I’m going to level with you: with this cast, it would be impossible for this movie to have no redeeming qualities. My house is a “Free Winona” house, now and forever, and this feels like the first time in a long time that I can tell she’s having a lot of fun. Although I’m sure Lydia is the first character that a lot of people think of when you invoke Winona’s name, that’s not the case for me. I’m team Veronica Sawyer all day every day, and after that I think of Mermaids, Francis Ford Coppola’s Bram Stoker’s Dracula, and then that moment in Strangers with Candy wherein she tosses out a cigarette and then pulls another lit cigarette from offscreen. With so much time having passed, Lydia Deetz could essentially be a completely different person, but there’s a consistency that I appreciated and that only Ryder could bring to the table. Apparently, Ryder’s sole condition for taking on her role in Stranger Things was that she had to be allowed time to play this character again if the opportunity arose, so you know it’s one that she’s invested in, and it shows. When it comes to Delia, I don’t really know what their relationship is like off-camera, but there’s a part of me that believes with every fiber of my being that O’Hara and Ryder are having the time of their lives reuniting here, as O’Hara is also clearly having a great time reprising her role as well. Moira Rose from Schitt’s Creek is one of many refractions of a similar (but always distinct) archetype in the O’Hara oeuvre, and it’s one that’s found a way into this character. I have to think that’s somewhat textual, as we see that her current multimedia gallery space includes at least one screen showing a video of Delia in a white wig and gown with images of birds projected over her, and it has to be a visual reference to Moira’s in-universe memetic role in The Crows Have Eyes III

When it comes to the film itself, there are ways that it writes around and includes the length of time since its predecessor, as well as elements that must be written around because of certain performers’ . . . unsavory lives. The elephant in the room here is that Jeffrey Jones, who played Charles in the first film, is a convicted sex offender now. To get around this, the film shows his unfortunate demise in the form of a claymation-esque sequence in which Charles’s plane goes down over the ocean when he is on his way back from a birdwatching expedition; he survives the crash but is then killed by a shark. This also allows for him to appear in the underworld with most of his upper torso missing, and thus allows the character to (sort of) continue to be a part of the narrative. There’s also some clever foreshadowing throughout, like the fact that Astrid notices Jeremy’s vinyl collection is very nineties-heavy and thinks that this is an affectation, but this sets up not one twist but two. Less cleverly, the Maitlands are simply written off as having been able to move on to the afterlife through a loophole that Lydia helped them find. 

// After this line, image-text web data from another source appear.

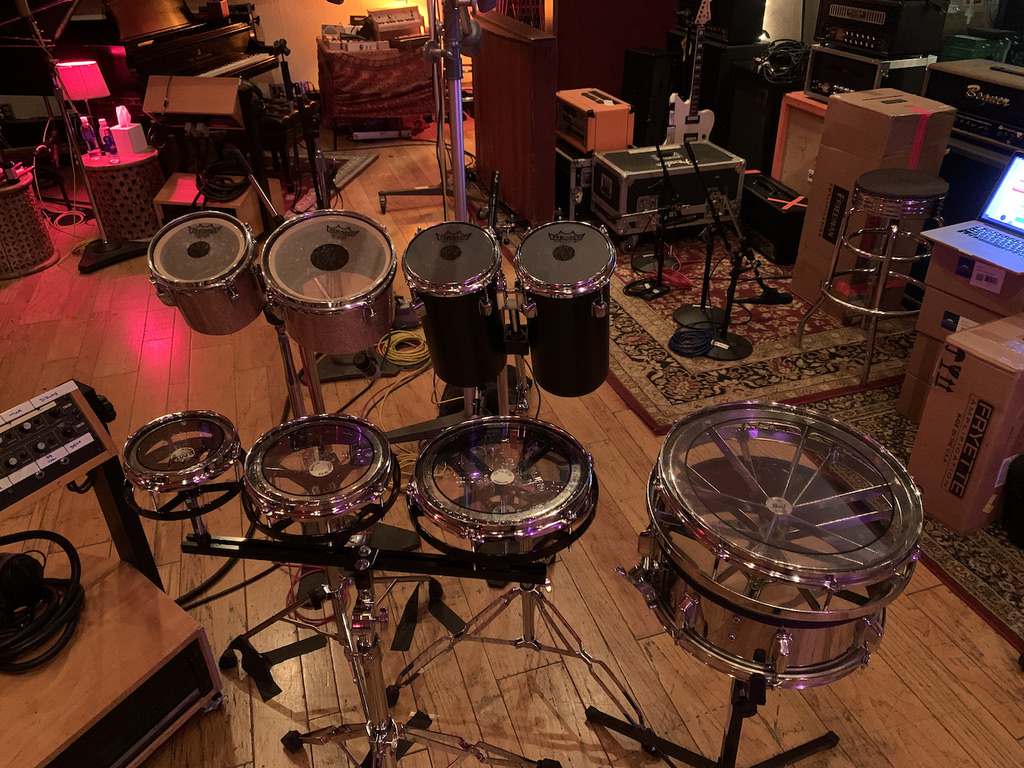 Drum kit prepared by drum tech Jerry Johnson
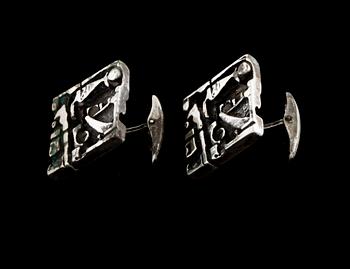 MANCHETTKNAPPAR, silver, Jorma Laine, Finland, 1977. Ca 19 g.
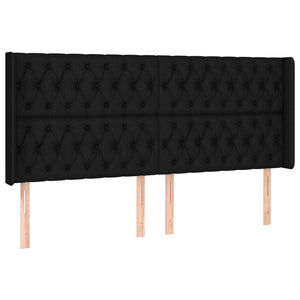 Κρεβάτι Boxspring με Στρώμα & LED Μαύρο 200x200 εκ. Υφασμάτινο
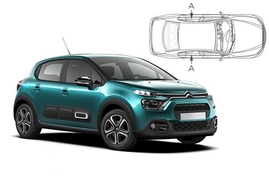 Slnečné clony na okná - CITROEN C3 Hatchback (2016-) - Len na bočné stahovacie sklá (CIT-C3-5-C/18)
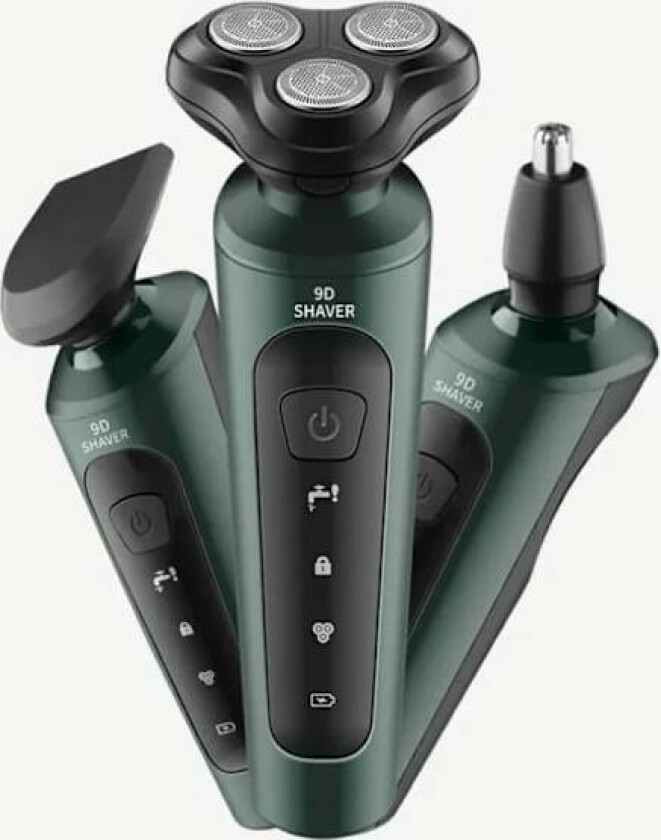 Elektriske barbermaskiner for menn, vanntett elektrisk trimmer, barberhøvel for våt- og tørrbruk, oppladbart batteri, roterende barbermaskiner, grønn 3 i 1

The biggest problem with the film is that it’s overstuffed. You might have read that synopsis above and thought to yourself, “Wait, isn’t Willem Dafoe in this movie? And Monica Belluci?” And yes, they are. In the thirty-six years since Beetlejuice was released, countless sequel ideas must have been proposed, and this film feels like it tries to contain all of them at once. What if Lydia had a television show about her powers? Topical! What about a sequel about Beetlejuice’s literally soul-sucking wife coming back to life (well, undeath) and seeking vengeance against him? Sounds good, throw it in. What about a sequel about an egotistical actor specializing in law enforcement action films who is inexplicably the head of the underworld police? Why not. What if the Deetz family’s teenage daughter falls for a ghost boy whose true intentions might be more sinister than it seems? Oh, sounds romantic! (This plot in particular feels like it was meant to be in a more immediate sequel to the original film with a still-teenaged Lydia.) What if Lydia’s daughter doesn’t believe her and has the same fraught relationship with her that Lydia once had with Delia? What if Lydia was going to marry a man who didn’t really love her, didn’t really believe in her abilities, and whose new age bullshit was a front to meet vulnerable women, and Beetlejuice gets her out of this marriage for his own selfish reasons? Check and check! 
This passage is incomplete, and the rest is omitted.